Active site of the replication protein of the rolling circle plasmid pC194

• Published in: The EMBO journal Vol. 13; no. 18; pp. 4412 - 4420
• Main Authors: Noirot‐Gros, M.F., Bidnenko, V., Ehrlich, S.D.
• Format: Journal Article
• Language: English
• Published: London Nature Publishing Group 15.09.1994; EMBO Press
• Subjects: Amino Acid Sequence; Bacterial Proteins - genetics; Bacterial Proteins - metabolism; Binding Sites; Biological and medical sciences; Cellular Biology; Deoxyribonucleases - metabolism; DNA Helicases; DNA Mutational Analysis; DNA Replication; DNA Topoisomerases, Type I - metabolism; DNA-Binding Proteins; Escherichia coli - enzymology; Escherichia coli - genetics; Fundamental and applied biological sciences.
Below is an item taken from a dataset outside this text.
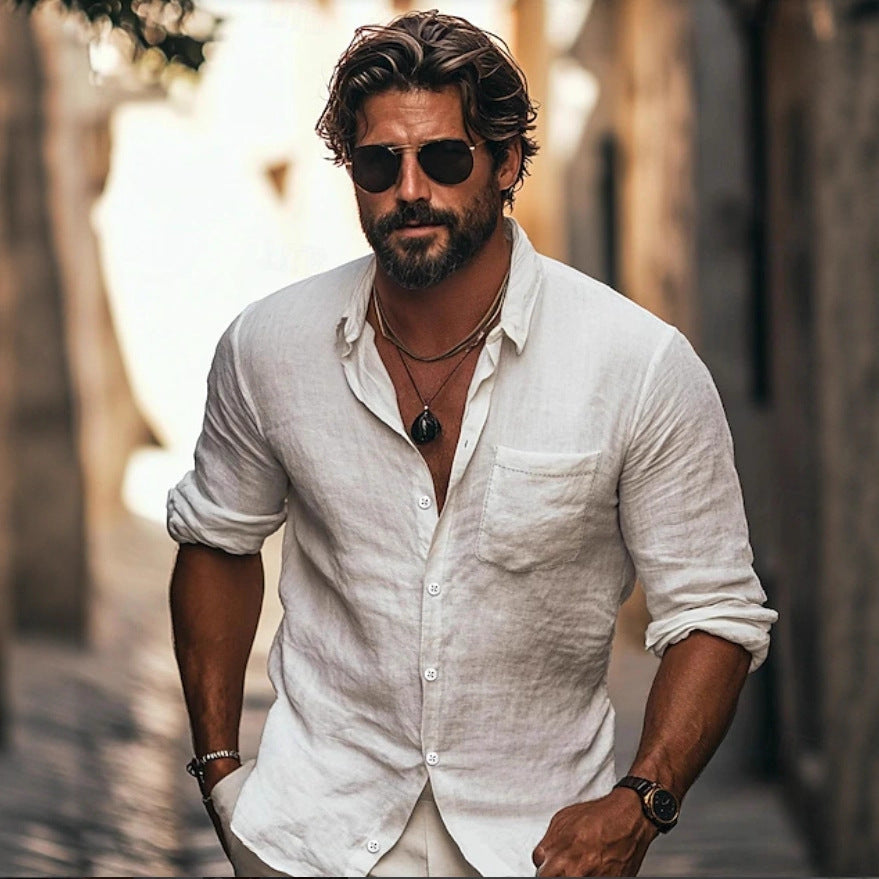 Men’s Casual Lapel Shirt with Chinese Pocket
Psychology; Life Sciences; Microbiology; Models, Chemical; Models, Genetic; Molecular Sequence Data; Plasmids - metabolism; Protein Binding; Proteins; Replicative cycle, interference, host-virus relations, pathogenicity, miscellaneous strains; Sequence Homology, Amino Acid; Trans-Activators; Virology; Plasmid; Structure activity relation; Escherichia coli; Active site; Site directed mutagenesis; DNA binding protein; Bacteria; Replication; Models; Mechanism of action; Enterobacteriaceae
• ISSN: 0261-4189; 1460-2075
• DOI: 10.1002/j.1460-2075.1994.tb06761.x

Mutation analysis of the rolling circle (RC) replication initiator protein RepA of plasmid pC194 was targeted to tyrosine and acidic amino acids (glutamate and aspartate) which are well conserved among numerous related plasmids. The effect of mutations was examined by an in vivo activity test. Mutations of one tyrosine and two glutamate residues were found to greatly impair or abolish activity, without affecting affinity for the origin, as deduced from in vitro gel mobility assays. We conclude that all three amino acids have a catalytic role. Tyrosine residues were found previously in active sites of different RC plasmid Rep proteins and topoisomerases, but not in association with acidic residues, which are a hallmark of the active sites of DNA hydrolyzing enzymes, such as the exo‐ and endonucleases. We propose that the active site of RepA contains two different catalytic centers, corresponding to a tyrosine and a glutamate. The former may be involved in the formation of the covalent DNA‐protein intermediate at the initiation step of RC replication, and the latter may catalyze the release of the protein from the intermediate at the termination step.